=== Section Start ===

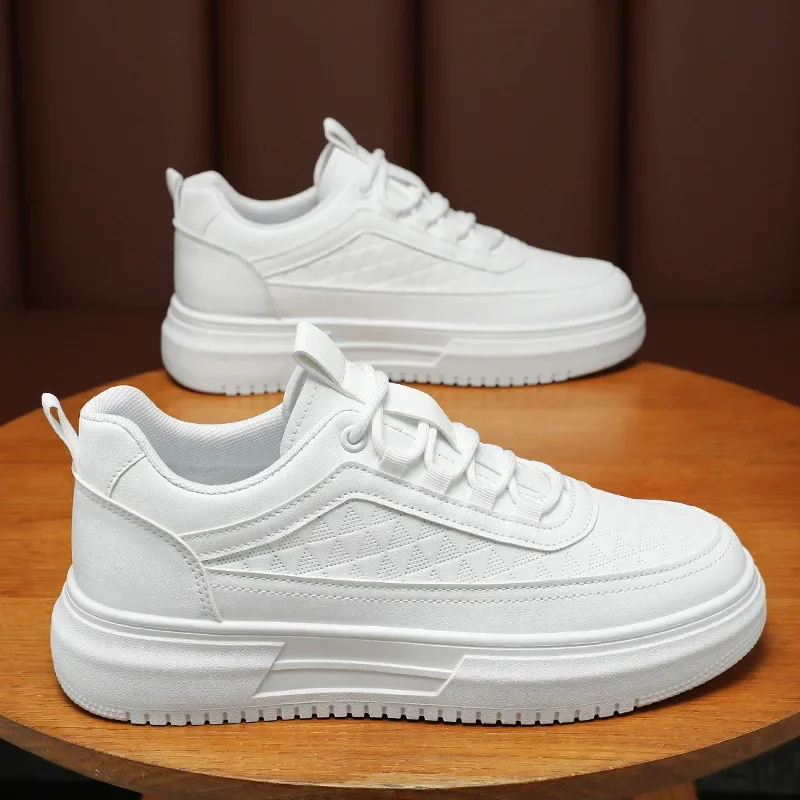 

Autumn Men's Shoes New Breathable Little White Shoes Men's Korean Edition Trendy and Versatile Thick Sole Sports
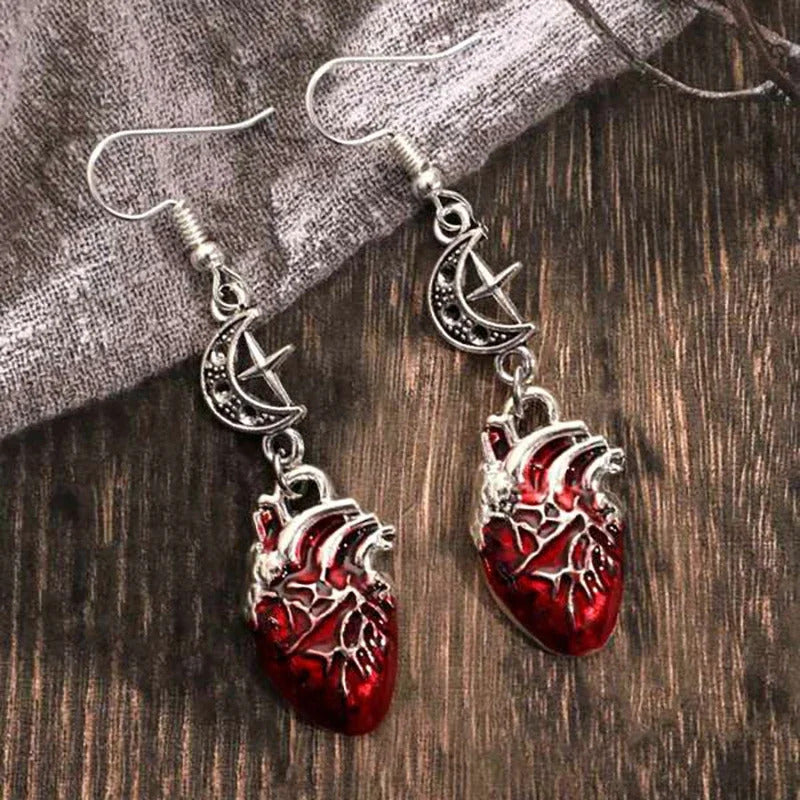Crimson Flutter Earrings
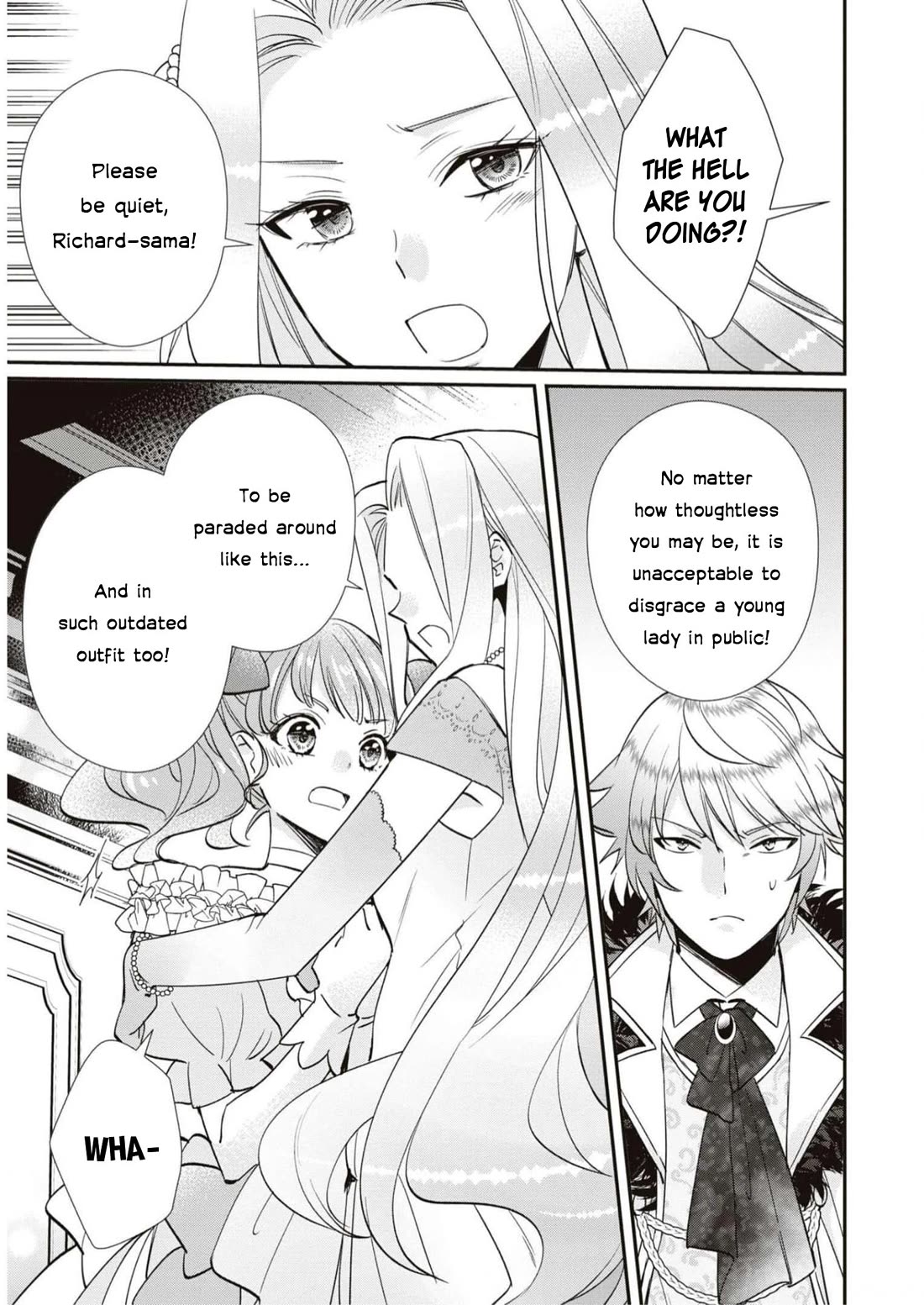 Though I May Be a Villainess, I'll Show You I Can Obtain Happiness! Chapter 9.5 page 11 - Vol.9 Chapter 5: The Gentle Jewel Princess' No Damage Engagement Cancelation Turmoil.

=== Section End ===

▶ WHAT IS NEEDED: Now repeat exactly the lines from the one with "Crimson Flutter Earrings" through the end of the listing above, both included, omitting all pictures.

▶ EXERCISE ANSWER:
Crimson Flutter Earrings
 Though I May Be a Villainess, I'll Show You I Can Obtain Happiness! Chapter 9.5 page 11 - Vol.9 Chapter 5: The Gentle Jewel Princess' No Damage Engagement Cancelation Turmoil.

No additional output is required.